_Task details_
For this exercise, the lines from the one with "Many of you" through the end of the material below must be output exactly, without pictures.

· · · · ·

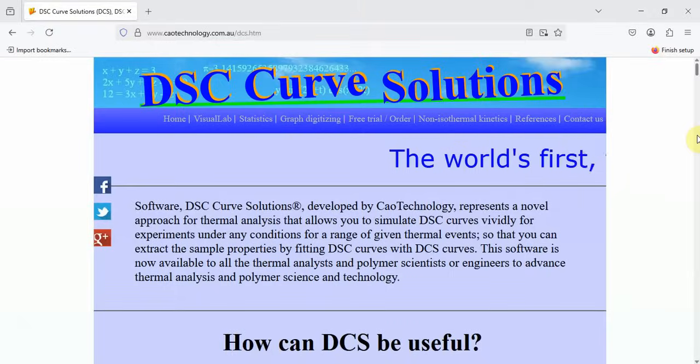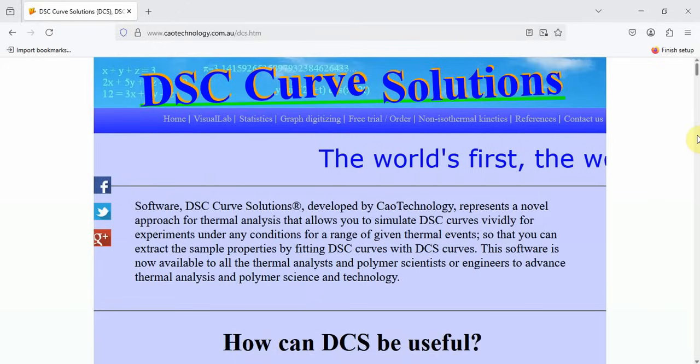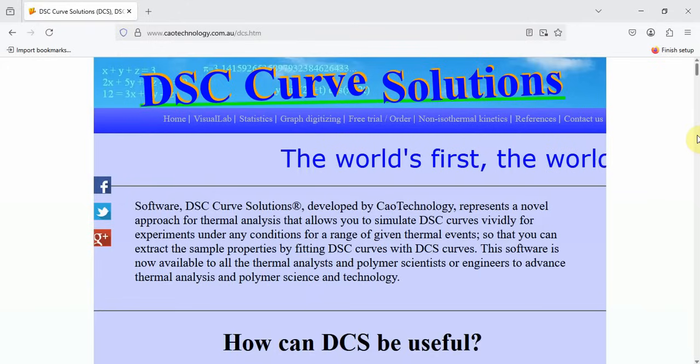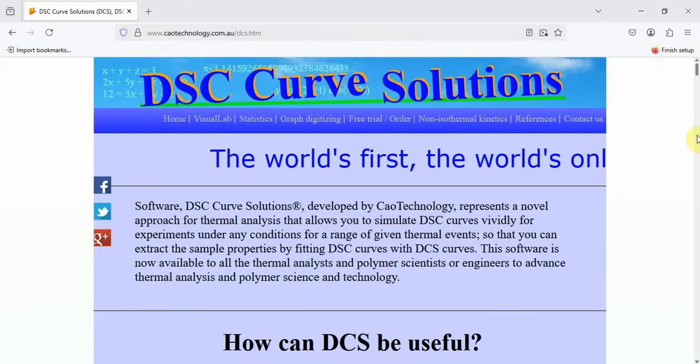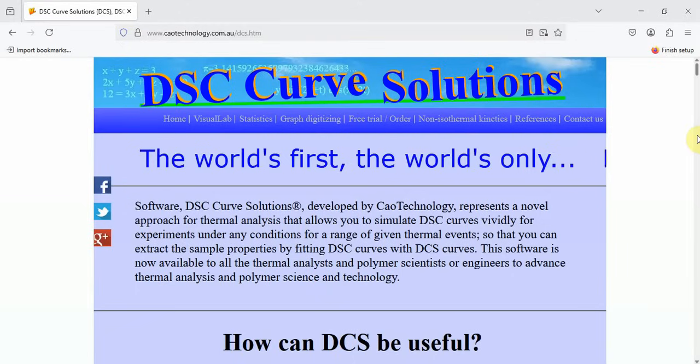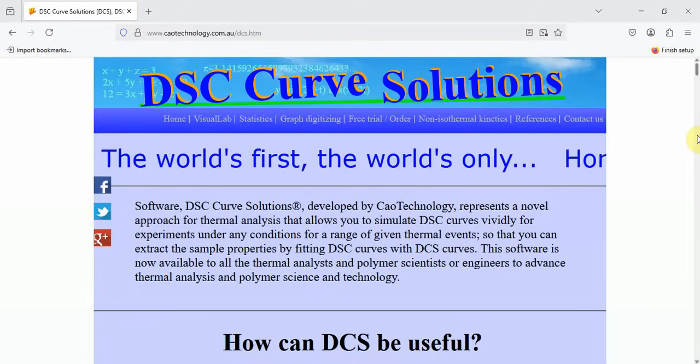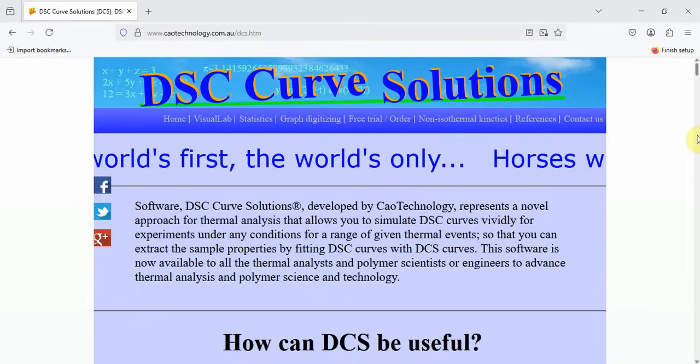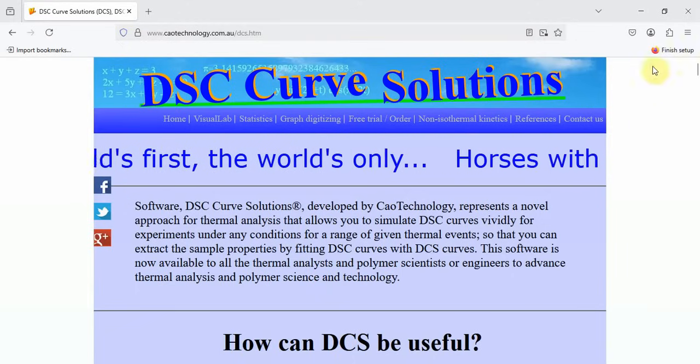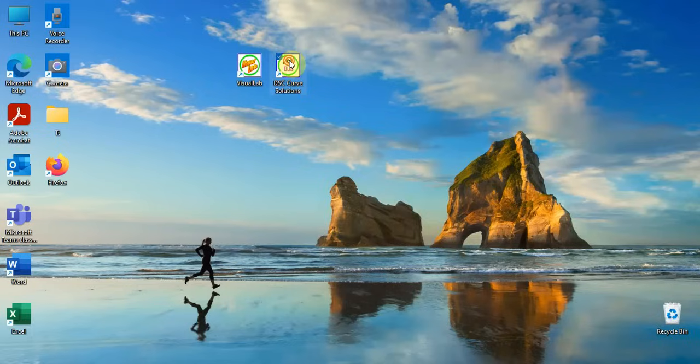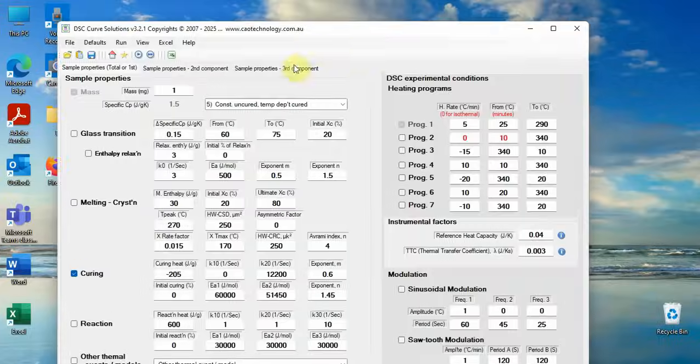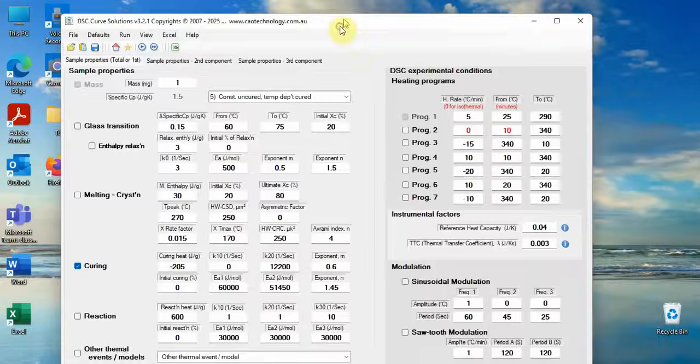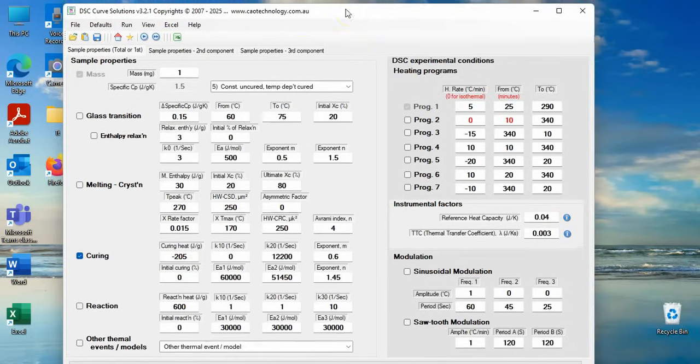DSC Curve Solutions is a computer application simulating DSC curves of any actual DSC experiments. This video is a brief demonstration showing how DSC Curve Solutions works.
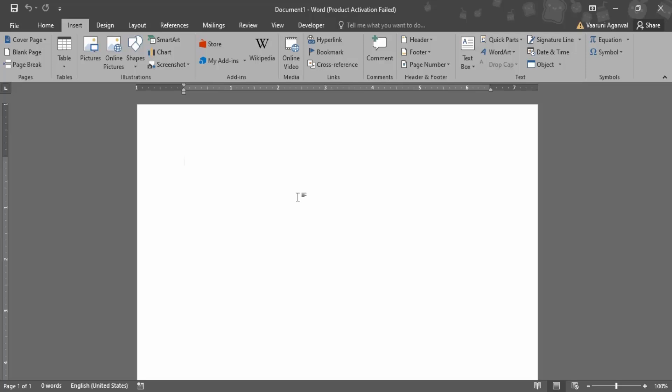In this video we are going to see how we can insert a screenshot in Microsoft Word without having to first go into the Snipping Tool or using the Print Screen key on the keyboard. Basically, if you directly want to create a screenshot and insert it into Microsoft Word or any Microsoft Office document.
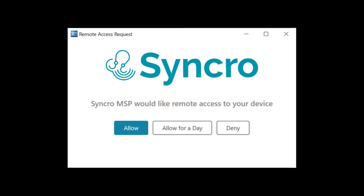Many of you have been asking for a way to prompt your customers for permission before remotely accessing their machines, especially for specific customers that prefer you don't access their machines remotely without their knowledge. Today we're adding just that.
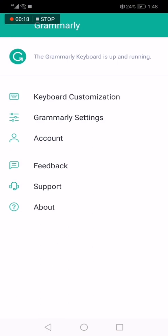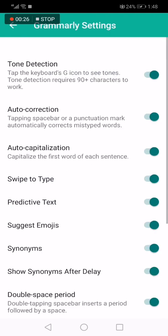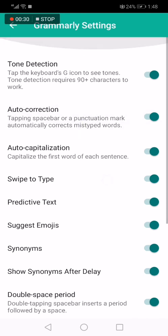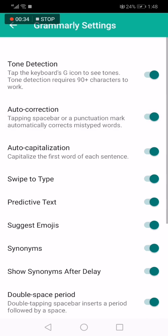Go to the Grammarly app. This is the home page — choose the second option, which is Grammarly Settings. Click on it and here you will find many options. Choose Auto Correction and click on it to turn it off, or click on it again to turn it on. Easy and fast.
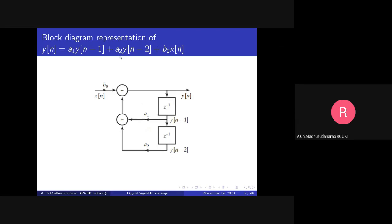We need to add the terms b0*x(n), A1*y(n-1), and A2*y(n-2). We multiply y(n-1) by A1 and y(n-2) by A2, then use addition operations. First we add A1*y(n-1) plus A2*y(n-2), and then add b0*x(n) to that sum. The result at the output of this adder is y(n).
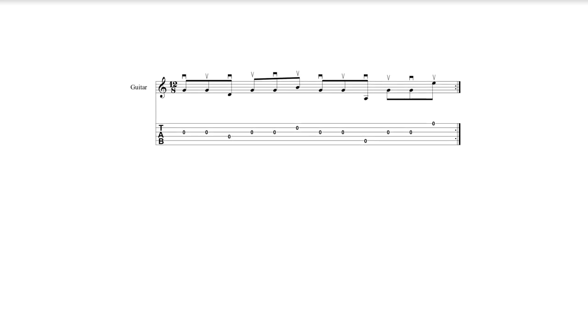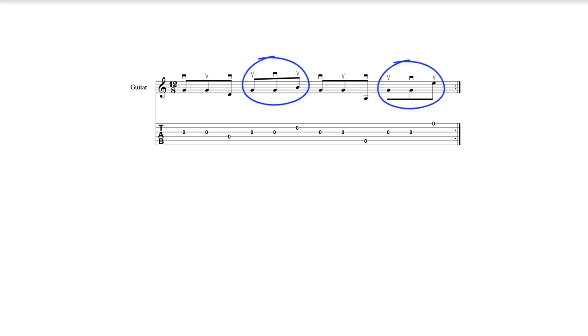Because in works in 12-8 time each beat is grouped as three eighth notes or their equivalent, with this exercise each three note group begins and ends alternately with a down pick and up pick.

· · · · ·

_Response to this exercise_
Many of you have been asking for a way to prompt your customers for permission before remotely accessing their machines, especially for specific customers that prefer you don't access their machines remotely without their knowledge. Today we're adding just that.
Go to the Grammarly app. This is the home page — choose the second option, which is Grammarly Settings. Click on it and here you will find many options. Choose Auto Correction and click on it to turn it off, or click on it again to turn it on. Easy and fast.
We need to add the terms b0*x(n), A1*y(n-1), and A2*y(n-2). We multiply y(n-1) by A1 and y(n-2) by A2, then use addition operations. First we add A1*y(n-1) plus A2*y(n-2), and then add b0*x(n) to that sum. The result at the output of this adder is y(n).
Because in works in 12-8 time each beat is grouped as three eighth notes or their equivalent, with this exercise each three note group begins and ends alternately with a down pick and up pick.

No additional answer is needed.